• [Aim of the task] Write out the data exactly as given, dropping every picture.

Scraped caption text data:

□ □ □ □ □ □ □

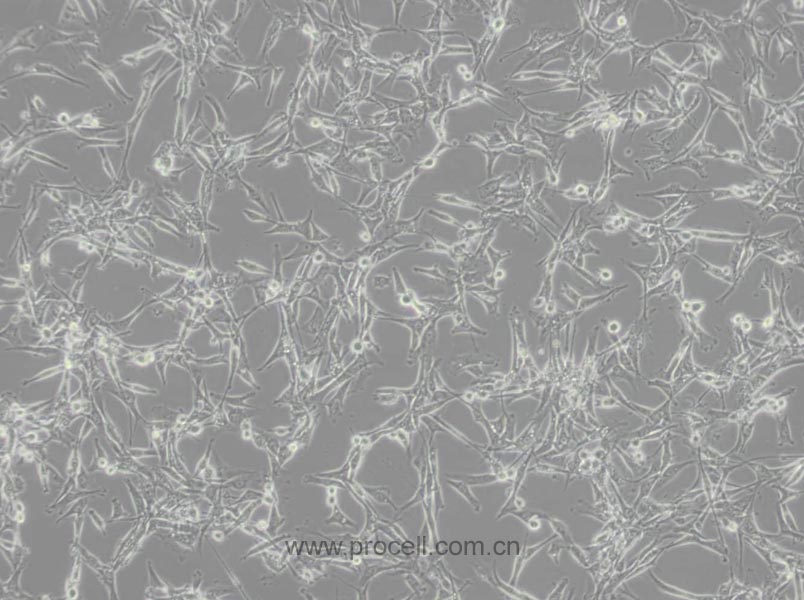 U-87 MG (人腦星形膠質(zhì)母細胞瘤細胞) (STR鑒定正確)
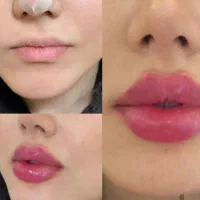 تزریق چربی،ژل،بوتاکس ونخ و مادلینگ تخصصی توسط پزشک|خدمات آرایشگری و زیبایی|کرمانشاه, |دیوار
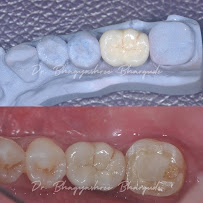 Dr. Bhagyashree’s Dental Clinic and Implant Centre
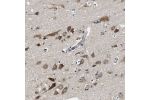 Immunohistochemical staining of human Cerebral cortex shows strong cytoplasmic positivity in neuronal cells.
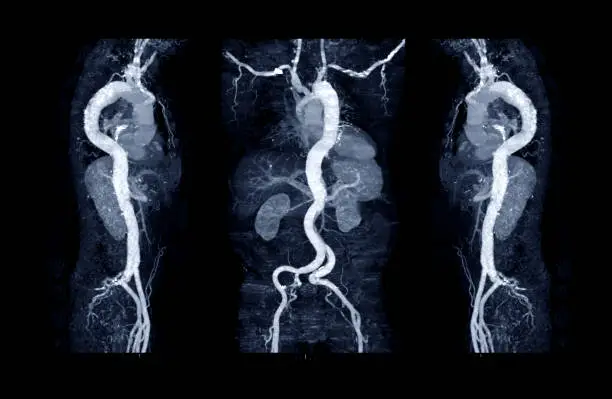 Photo of Collection of CTA whole aorta with curve MPR technique showing abdominal aorta and left, right iliac artery showing aortic dissection .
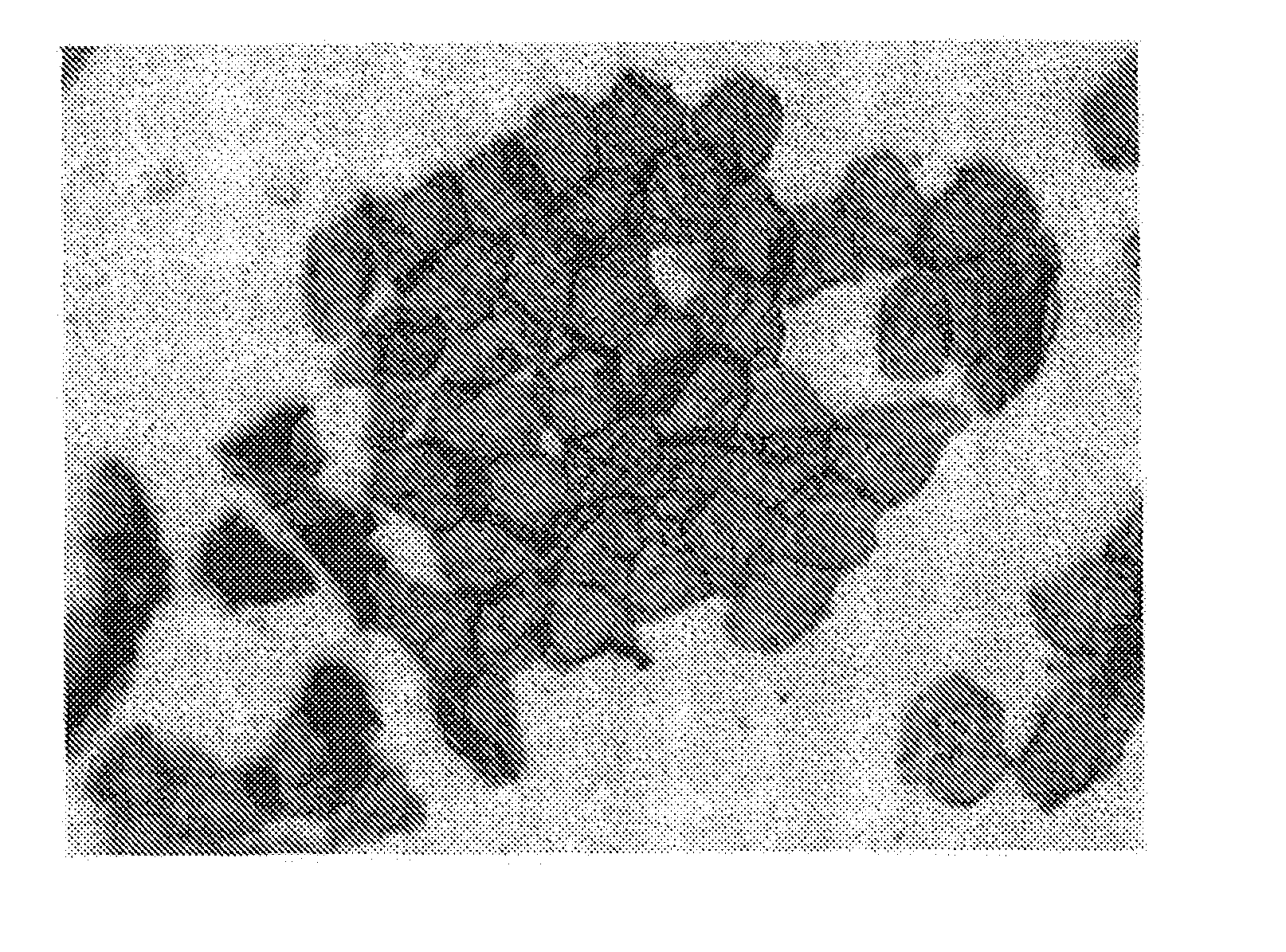 Method of supporting the differentiation of corneocytes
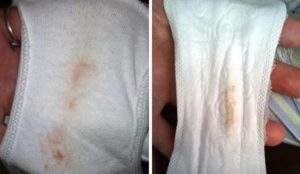 Имплантационное кровотечение и простуда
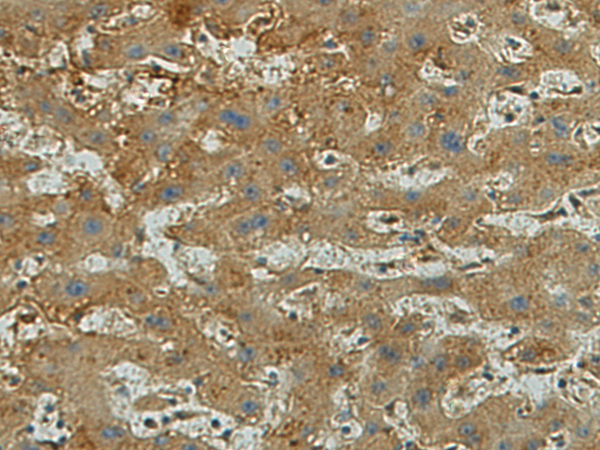Rabbit Polyclonal Antibody to ALPL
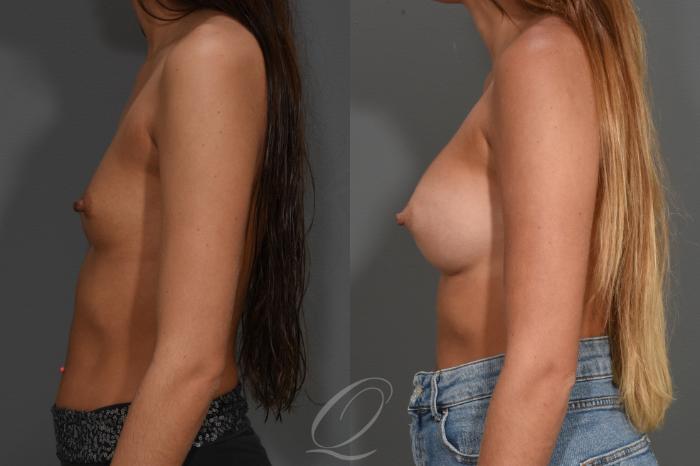 Breast Augmentation Case 410 Before & After Left Side | Serving Rochester, Syracuse & Buffalo, NY | Quatela Center for Plastic Surgery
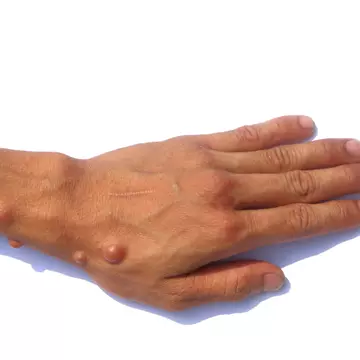 Cum gestionezi neurofibromatoza? Echipa de care ai nevoie.
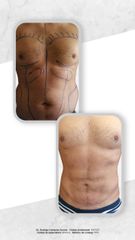Antes y después de Liposucción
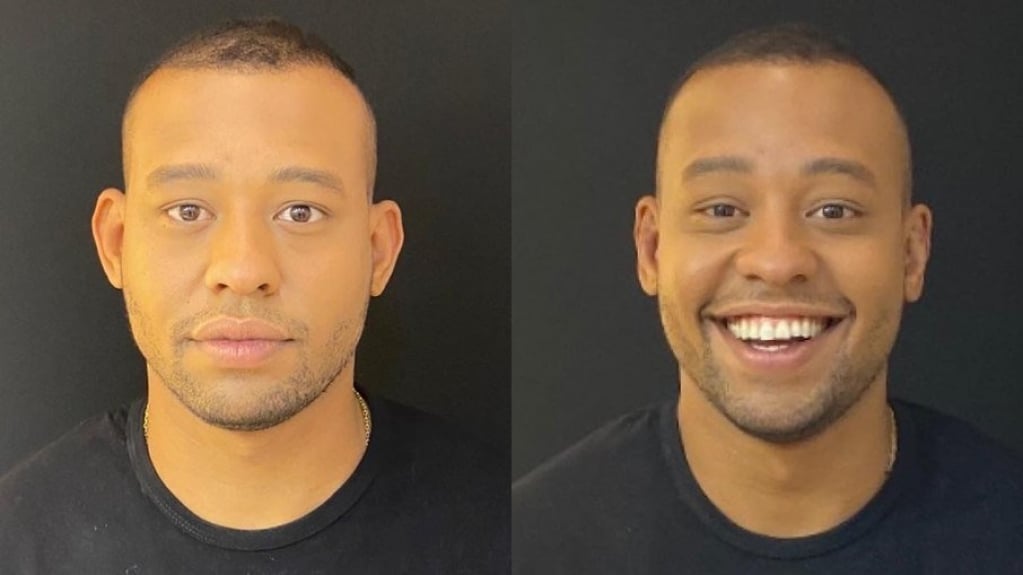 Mussunzinho fez cirurgia na orelha antes do 'Power Couple'; veja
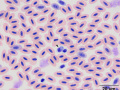 Plasmodium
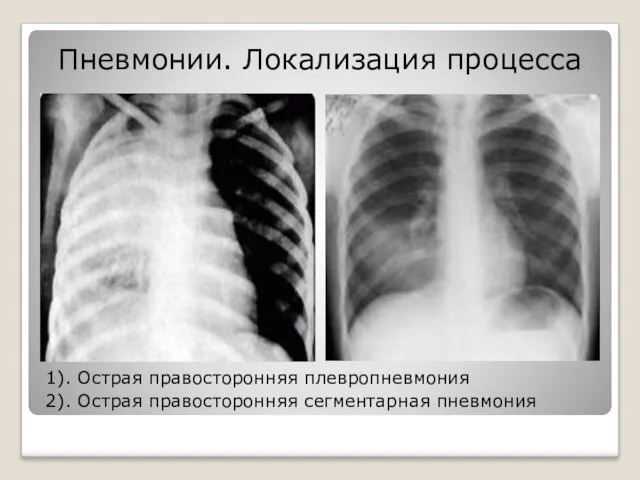 Пневмонии. Локализация процесса 1). Острая правосторонняя плевропневмония 2). Острая правосторонняя сегментарная пневмония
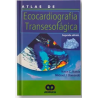 Ecocardiografía Transesofágica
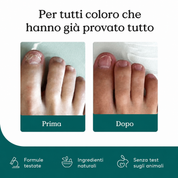 Penna per la cura delle unghie con tecnologia Nail Matrix® contro i fastidiosi funghi delle unghie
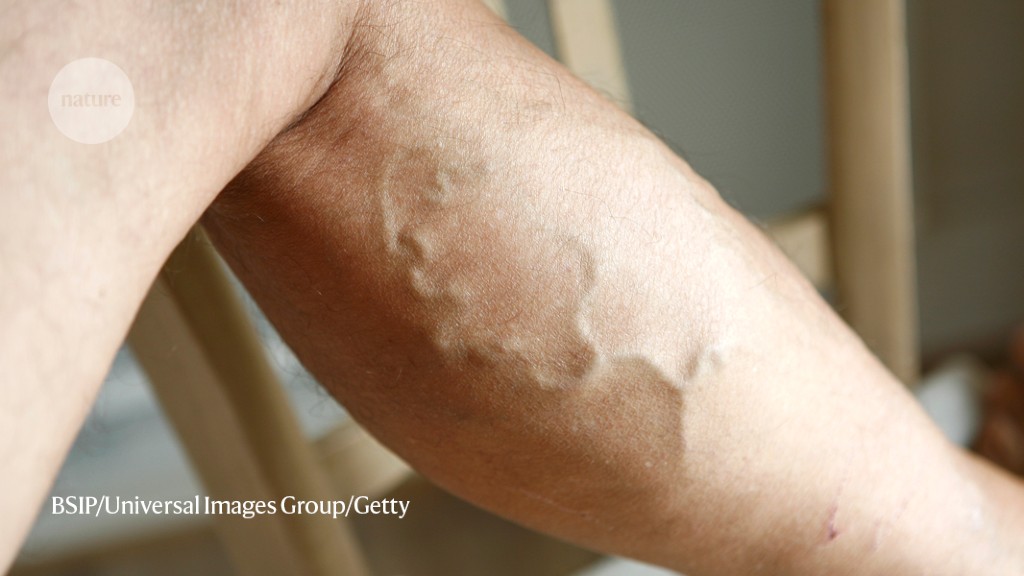 Huge genomic study shows varicose veins’ links to height and weight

□ □ □ □ □ □ □

• [Response to the exercise]
 U-87 MG (人腦星形膠質(zhì)母細胞瘤細胞) (STR鑒定正確)
 تزریق چربی،ژل،بوتاکس ونخ و مادلینگ تخصصی توسط پزشک|خدمات آرایشگری و زیبایی|کرمانشاه, |دیوار
 Dr. Bhagyashree’s Dental Clinic and Implant Centre
 Immunohistochemical staining of human Cerebral cortex shows strong cytoplasmic positivity in neuronal cells.
 Photo of Collection of CTA whole aorta with curve MPR technique showing abdominal aorta and left, right iliac artery showing aortic dissection .
 Method of supporting the differentiation of corneocytes
 Имплантационное кровотечение и простуда
Rabbit Polyclonal Antibody to ALPL
 Breast Augmentation Case 410 Before & After Left Side | Serving Rochester, Syracuse & Buffalo, NY | Quatela Center for Plastic Surgery
 Cum gestionezi neurofibromatoza? Echipa de care ai nevoie.
Antes y después de Liposucción
 Mussunzinho fez cirurgia na orelha antes do 'Power Couple'; veja
 Plasmodium
 Пневмонии. Локализация процесса 1). Острая правосторонняя плевропневмония 2). Острая правосторонняя сегментарная пневмония
 Ecocardiografía Transesofágica
 Penna per la cura delle unghie con tecnologia Nail Matrix® contro i fastidiosi funghi delle unghie
 Huge genomic study shows varicose veins’ links to height and weight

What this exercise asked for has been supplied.